The study, published in the Feb. 11 issue of the journal Neuron, involves a personality trait called self-transcendence, which is a somewhat vague measure of spiritual feeling, thinking, and behaviors. Self-transcendence "reflects a decreased sense of self and an ability to identify one's self as an integral part of the universe as a whole," the researchers explain. …

Selective damage to the left and right posterior parietal regions of the brain induced a specific increase in self-transcendence, or ST, the surveys showed. …

One study, reported in 2008, suggested that the brain's right parietal lobe defines "Me," and people with less active Me-Definers are more likely to lead spiritual lives. …
It’s pop science if it is only Yahoo and the Internet but wow. You see these movies where saints have visions and then they become prayful and “spiritual”. Makes you wonder if they fell on their heads as babies.

Makes you wonder what they could do with drugs to make everyone “spiritual”. Whatever.
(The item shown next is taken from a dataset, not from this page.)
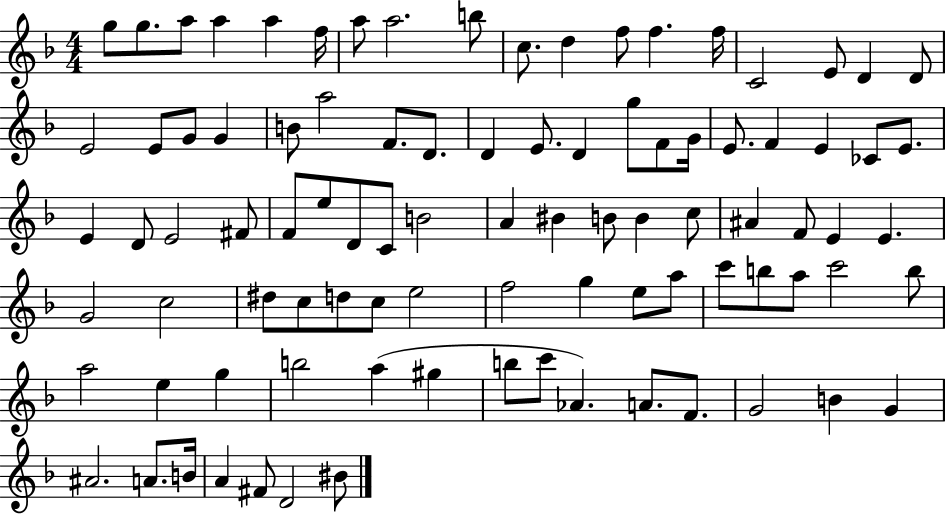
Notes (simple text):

G5/e G5/e. A5/e A5/q A5/q F5/s A5/e A5/h. B5/e C5/e. D5/q F5/e F5/q. F5/s C4/h E4/e D4/q D4/e E4/h E4/e G4/e G4/q B4/e A5/h F4/e. D4/e. D4/q E4/e. D4/q G5/e F4/e G4/s E4/e. F4/q E4/q CES4/e E4/e. E4/q D4/e E4/h F#4/e F4/e E5/e D4/e C4/e B4/h A4/q BIS4/q B4/e B4/q C5/e A#4/q F4/e E4/q E4/q. G4/h C5/h D#5/e C5/e D5/e C5/e E5/h F5/h G5/q E5/e A5/e C6/e B5/e A5/e C6/h B5/e A5/h E5/q G5/q B5/h A5/q G#5/q B5/e C6/e Ab4/q. A4/e. F4/e. G4/h B4/q G4/q A#4/h. A4/e. B4/s A4/q F#4/e D4/h BIS4/e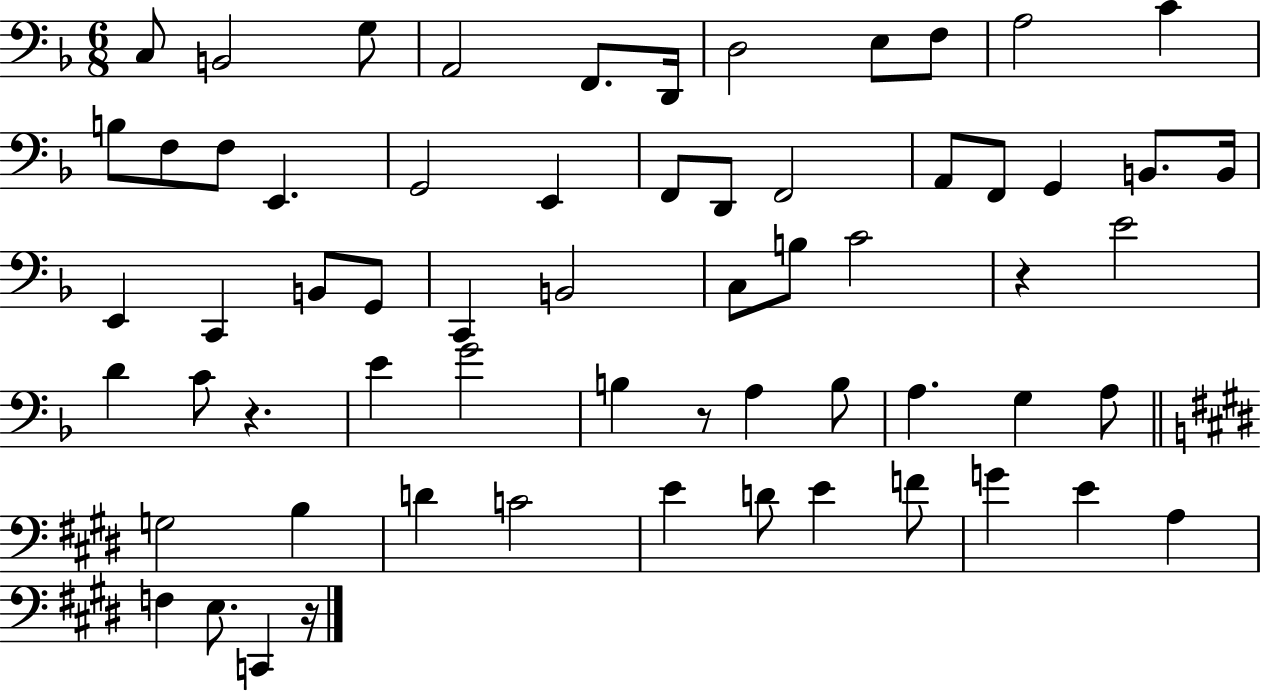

And to round off this oddball assortment of pieces of a puzzle about the human condition, I caught what I thought was an odd obit about someone on Staten Island.

Howard Lotsof Dies at 66; Found Drug Treatment in an African Plant
Howard Lotsof was 19, addicted to heroin and searching for a new high in 1962 when he swallowed a bitter-tasting white powder taken from an exotic West African shrub.

“The next thing I knew,” he told The New York Times in 1994, “I was straight.”

The substance was ibogaine, an extract of Tabernanthe iboga, a perennial rain-forest plant found primarily in Gabon. In the Bwiti religion it is used in puberty initiation rites, inducing a powerful altered state for at least 48 hours during which young people are said to come into contact with a universal ancestor.

By Mr. Lotsof’s account, when he and six friends who were also addicted tried ibogaine, five of them immediately quit, saying their desire for heroin had been extinguished.
I have heard this at various times about how primitive societies with secret spiritual rites use chemicals to expand the mind. That once a certain level of understanding outside the “Me” thing, the individuals never touch the drug again. They are not addicted to substances in the Western Cultural sense that would be addictive.

There must be something missing in the equation of the spiritual formula. Western or modern society does not culturally connect the dots. Perhaps some once thought to be harmful drugs and their use as in the case of Marijuana would not be so harmful to society. Not harmful if society teaches its children up front the proper use of it. That doesn’t really work with alcohol though, does it? Some things are do doubt addictive to some and not so addictive to others.

Individuals are just that, unique from that individuality. The mindset toward Spirituality using spirits or drugs or falling on your head is not yet an exact science and probably will never likely be either.